While she was in school, Trishya Screwvala volunteered part-time at the Pavement Club, a school for street children. “But that was only occasionally. In the last couple of years have I started volunteering at a long-term sustained level,” says the 26-year-old film producer and daughter of UTV’s Ronnie Screwvala. Her experience as a volunteer prompted her to set up Raindancer, a not-for-profit organisation that works on an education- and mentoring-based model for underprivileged children.
Last year, Raindancer took up the cause of Shri Ganesh Vidya Mandir, a Marathi-medium school in Dharavi that had stopped receiving government funding. “Most of the kids belong to the SC/ST category, so a lot of them weren’t able to attend other schools.

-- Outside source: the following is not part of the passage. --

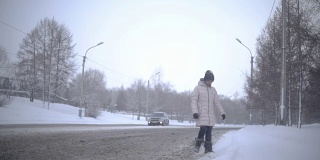 年轻女子在冬天过马路。Slowmotion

We helped raise funds to keep them open for a year, and we’re also helping them get BMC funding so they can sustain themselves,” says Trishya.
Funding, according to Trishya, is one of the biggest challenges for volunteer work. But the problems of NGOs go beyond funding. “The biggest challenge is finding young people who can volunteer,” she says.
While social media has definitely helped increase awareness about places that people can volunteer at, the youth aren’t too motivated about doing volunteer work, she adds. “Candlelight vigils and protests are merely ways to create awareness, but are by no means a call of action...
Our efforts should go beyond bursts of Facebook or BBM updates. Volunteering part time at a local NGO, teaching your watchman’s son English are just some examples of how one can make a difference. And it doesn’t even require giving up one’s job or studies,” she says.